Identify Potential Evidence-based Program(s) • Research organizations and agencies generate databases (sometimes termed registries or clearinghouses) that catalogue and provide various details about the approved or endorsed EBPs. • Most EBP databases allow you to search for programs using various criteria (e.g., age group, setting, outcome of interest). • See www.ncoa.org for program summaries.
Identify Key Stakeholders and Establish Partnerships • Identify program champions within the organization and community. • Champions actively promote a program, build support, overcome resistance, and persist until the program is implemented. • Create strategic partnerships with two or more organizations to achieve a common goal through effective use of expertise, personnel, and other resources.
Selecting an Intervention • Assure key stakeholder support from partners and internal champions. • Selected program should: • Meet organizational mission • Match organizational resources and clientele’s needs • Identify initial funding sources and plans to transition to sustainable program within organization.
Implement the selected program • Program marketing and participant recruitment. • Participant retention. • Use of lay leaders in EBPs. • Lay leaders are individuals who do not have formal healthcare credentials who are trained to lead EBPs. • Use existing EBP materials and tools for logistics and data collection.
Planning for Program Evaluation • Evaluation reveals which program components were implemented, how they were implemented, and if impacts (such as changes in health status or disease rates) are due to the program itself or to some factor outside of the program. • Types of Evaluation: • Formative • Process • Outcome
Goals of Program Evaluation • To determine if program objectives were achieved. • To develop quality assurance and control methods for the program. • To identify the strengths and weaknesses of the program. • To determine if the program can be generalized to another audience or setting.
Goals of Program Evaluation (continued) • To identify hypotheses regarding health behavior for future programs and studies. • To build the evidence base. • To fulfill obligations to funders. • To be accountable to stakeholders and your audience. Source: CRC-SH Evidencetoprograms.com
Evidence-based Evaluation • Occurs at two levels: • Implementation (process evaluation) • Effects (outcomes evaluation) • Measure outcomes at both individual and community levels: • Assess changes in program participants’ learning, health behaviors, and health status • The effects of the program on community health status
Process Evaluation: Monitoring Fidelity in EBHP • Process of faithfully and accurately adhering to the core elements of an intervention. • Fidelity, or the preservation of the evidence base, is central to evidence-based health promotion.
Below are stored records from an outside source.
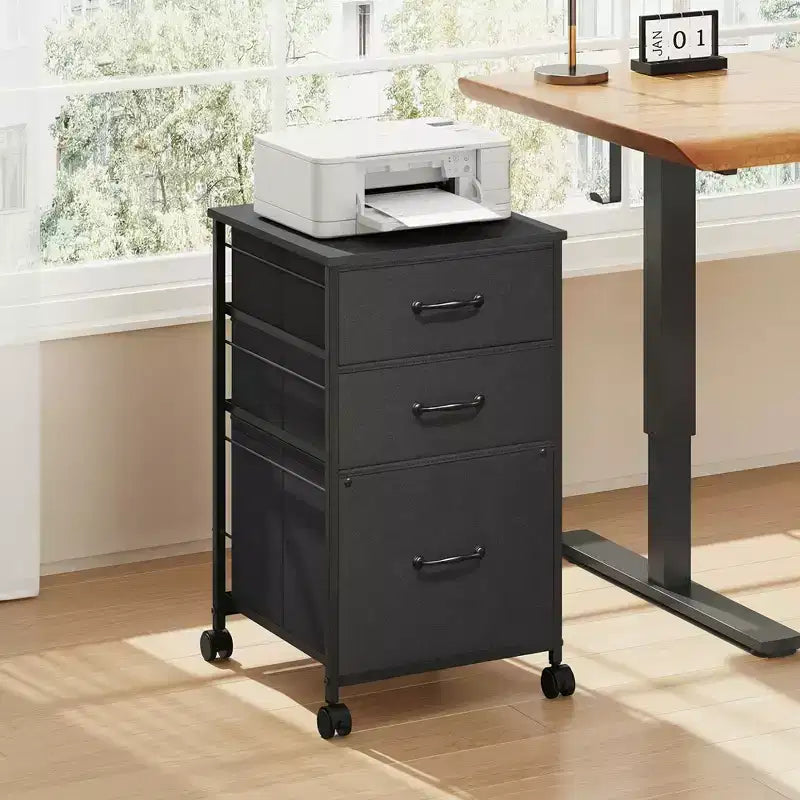 DEXYLLO 3 Drawers Filing Cabinet Mobile Rolling Printer Stand, Fabric Vertical File Cabinet for Home Office, Fits A4 or Letter Size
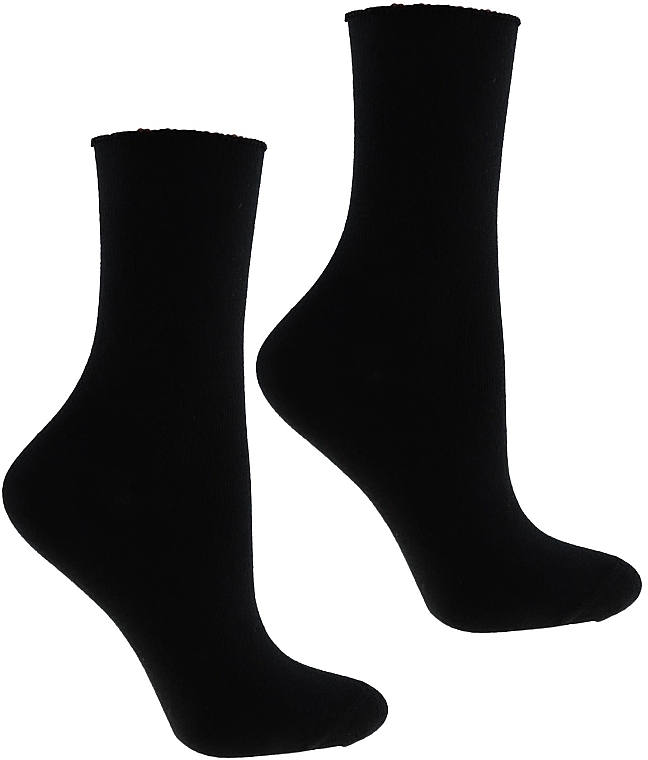 Women's Cotton Knee High Socks, 1 Pair, Black - Moraj — photo N1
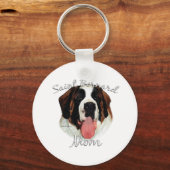 Saint Bernard (rau) Mama 2 Schlüsselanhänger (Vorderseite)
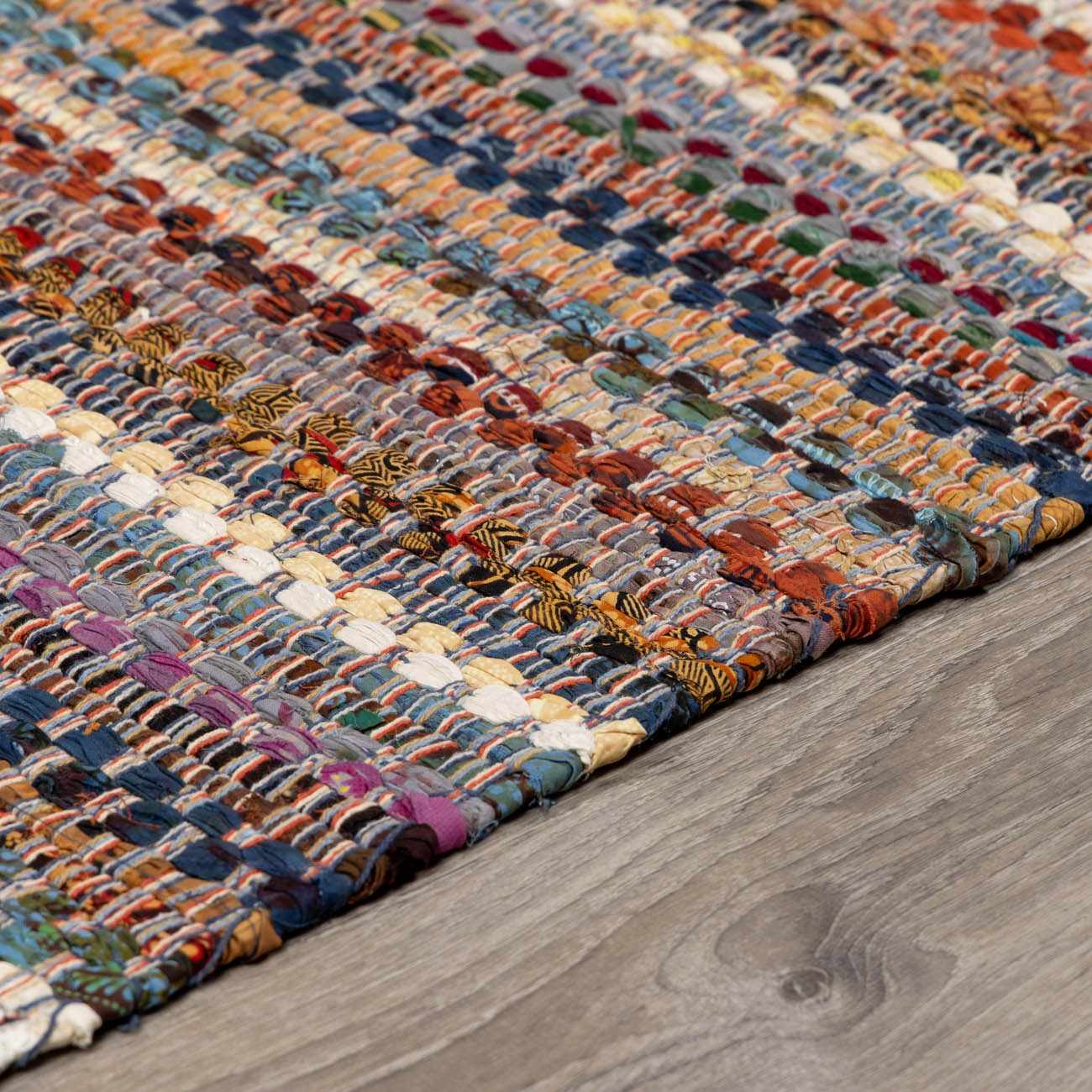 Multicolor Stripe Cotton Area Rug - Boutique Rugs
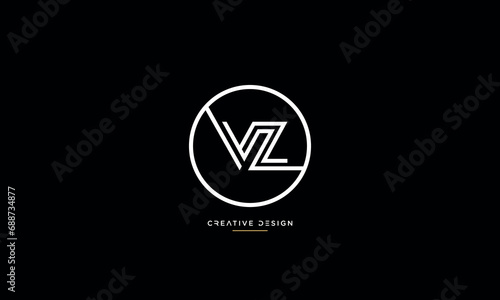 Alphabet letters VZ or ZV logo monogram icon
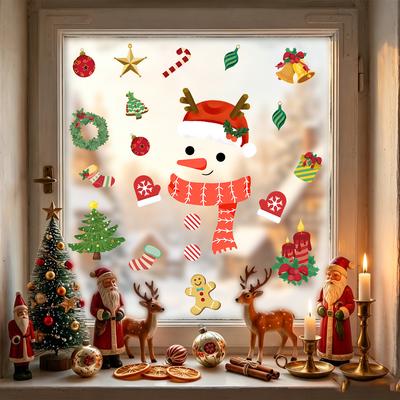 Cartoon Antler Snowman Christmas Static Sticker Christmas Small Accessory Balcony Living Room Window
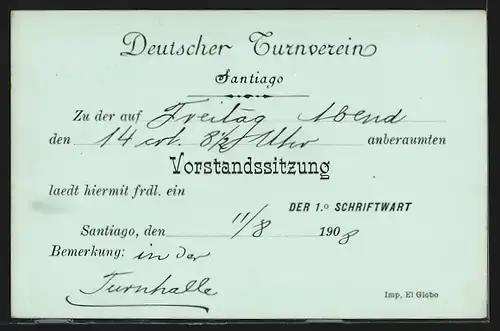 AK Santiago, Deutscher Turnverein, Vorstandssitzung 1908, Ganzsache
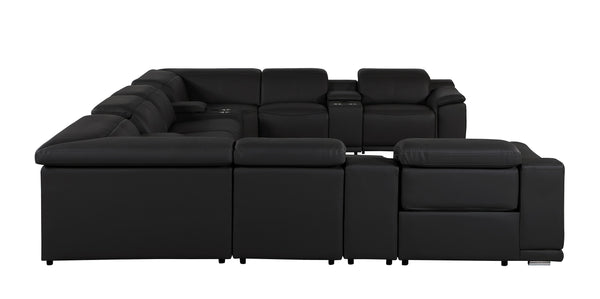 Global United 9762 - Black 12-Piece 4-Power Reclining Italian Leather Sectional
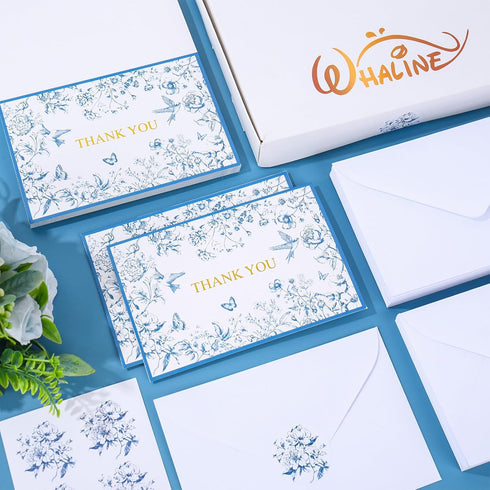 50 Pack Whaline Blue Floral Gold Foil Thank You Cards Boxed Greeting Cards with Envelopes Stickers Vintage Flower Bird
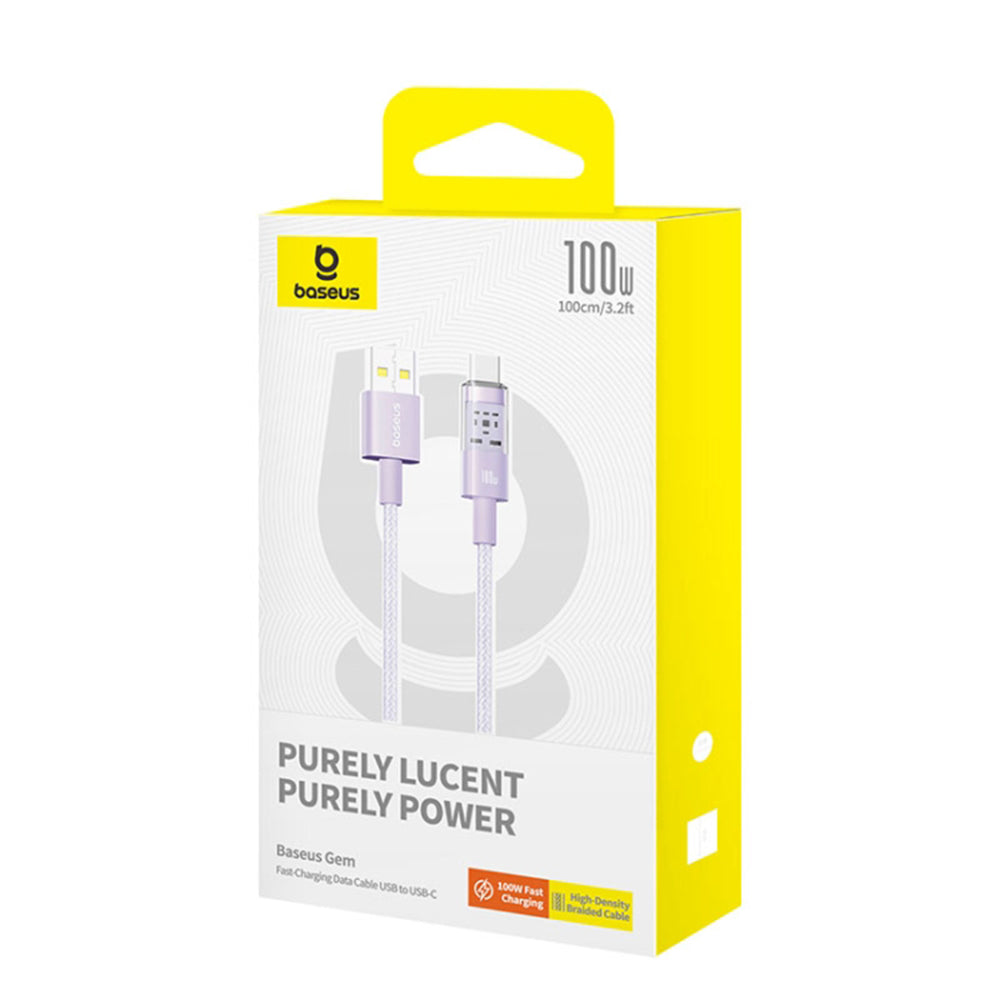 Cablu Baseus Gem (P10373002511-00), USB to Type-C, Super Fast Charging 100W, 1m, Nebula Purple
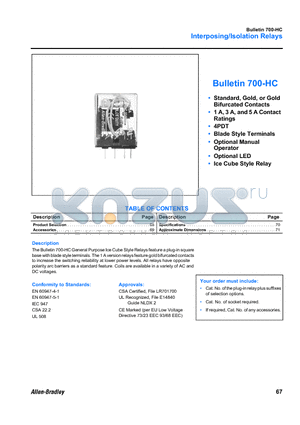 700-HC datasheet - Interposing/Isolation Relays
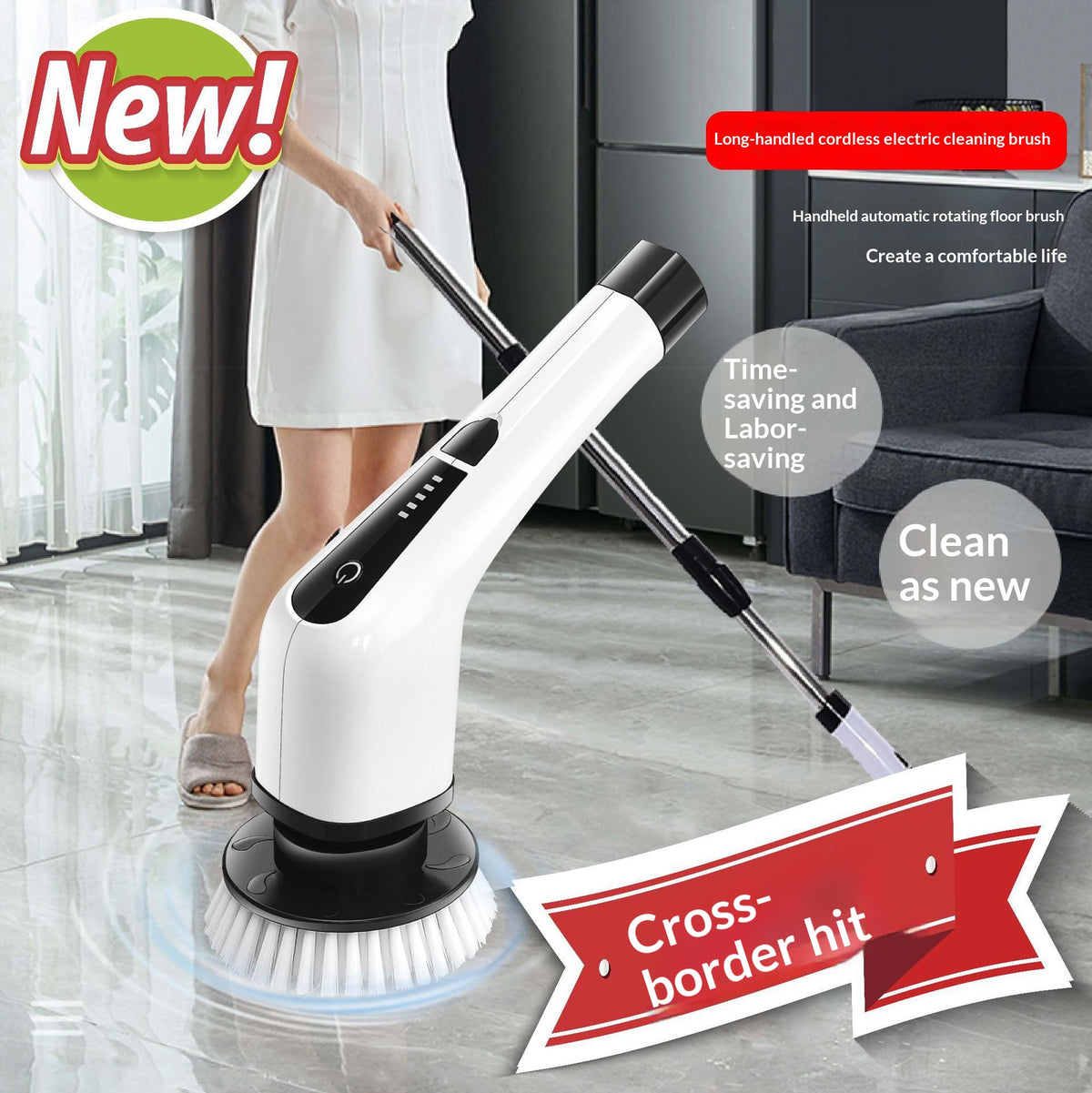 Cordless Electric Cleaning Brush Set for Home Use - Multi-Function Scrubber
Stanford Patient Education Research Center Evaluation Tools • The Stanford Patient Education Research Center is an expert in: • Developing, adapting, and testing self-administered scales in English and Spanish for research subjects with chronic diseases. • You may use their evaluation scales at no cost without permission • the items, their properties (if available), and coding and scoring instructions
Levels of Program Sustainability • Individual level – Maintenance of program benefits for individual participants after the program ends. • Organizational level – Maintaining program activities within an organization and making sure program goals and approaches adapt to changing needs over time. • Community level – Increasing the capacity of a community to develop and implement program activities.
Strategies to Increase Sustainability • Identify alternative funding sources. • Involve key stakeholders and form partnerships. • Align program services with organizational goals. • Select affordable supplemental services. • Change staff composition. • Consider volunteers, interns or lay leaders.